WORK TO BE COMPLETED — An exact transcription of all the data is required, with every image removed.

DATASET SECTION —
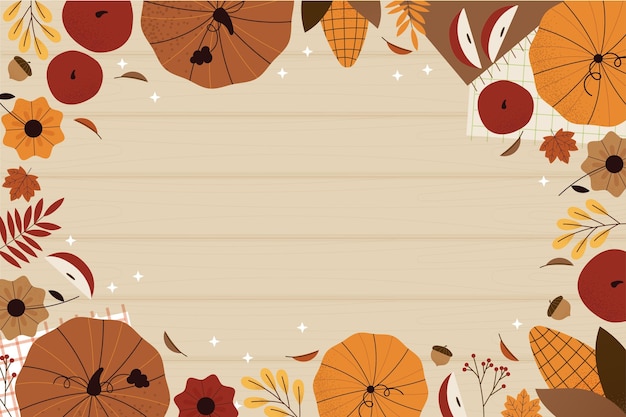 Hand drawn flat thanksgiving background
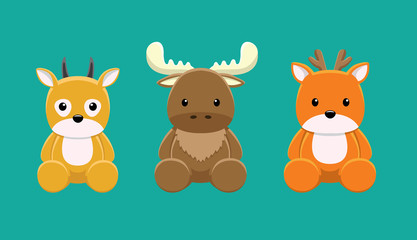 Obraz premium Reindeer Moose Gazelle Doll Set Cartoon Vector Illustration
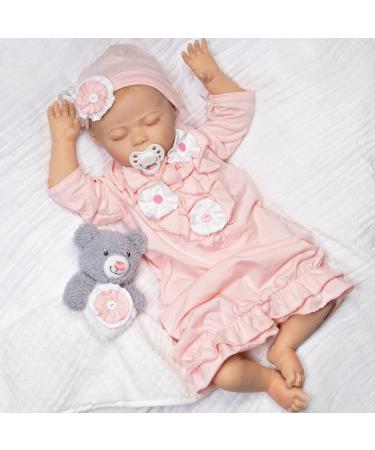 Paradise Galleries Realistic baby doll with magnetic pacifier buttons and grinding 53.3 cm sleeping girl made of soft vinyl and damaged body 8-part gift set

RESULT FOR THIS EXERCISE —
 Hand drawn flat thanksgiving background
 Obraz premium Reindeer Moose Gazelle Doll Set Cartoon Vector Illustration
 Paradise Galleries Realistic baby doll with magnetic pacifier buttons and grinding 53.3 cm sleeping girl made of soft vinyl and damaged body 8-part gift set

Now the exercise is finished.